» **Brief**
In the data below, locate the line containing "Proud businessman smiling" and the line containing "Young woman brushing teeth in bathroom", then retype both and everything between them exactly. Pictures are not part of the copy.

» **Records supplied**

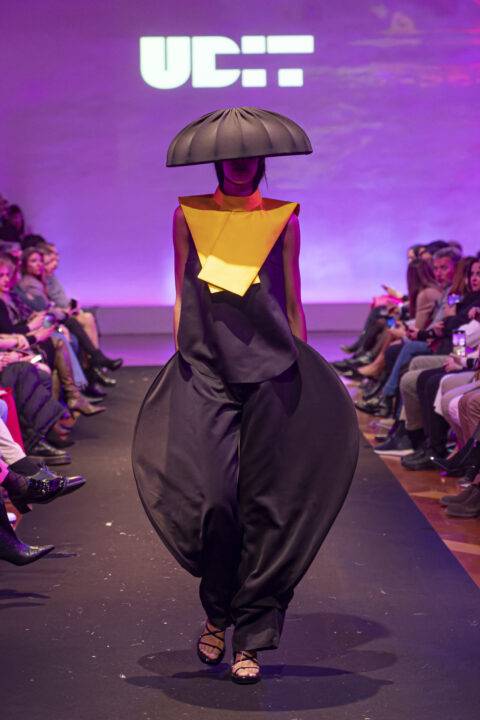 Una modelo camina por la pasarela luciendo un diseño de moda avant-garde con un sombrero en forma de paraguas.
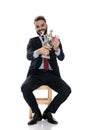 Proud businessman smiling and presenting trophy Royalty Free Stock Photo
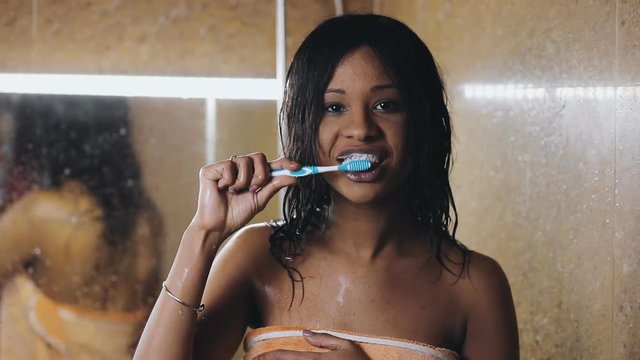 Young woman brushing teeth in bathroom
* * *
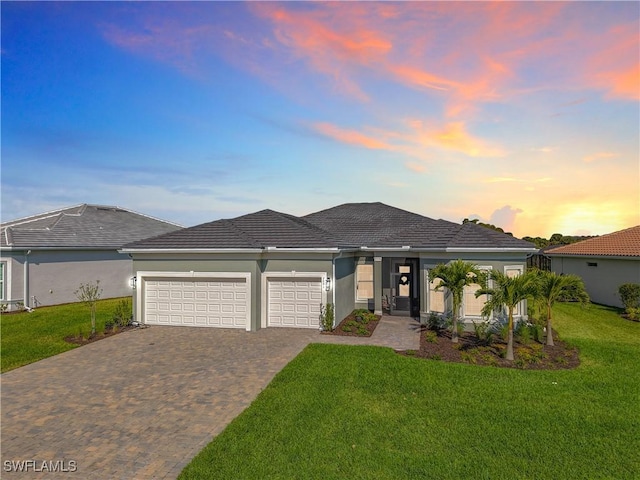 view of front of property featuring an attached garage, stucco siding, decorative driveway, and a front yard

» **Solution to this task**
 Proud businessman smiling and presenting trophy Royalty Free Stock Photo
 Young woman brushing teeth in bathroom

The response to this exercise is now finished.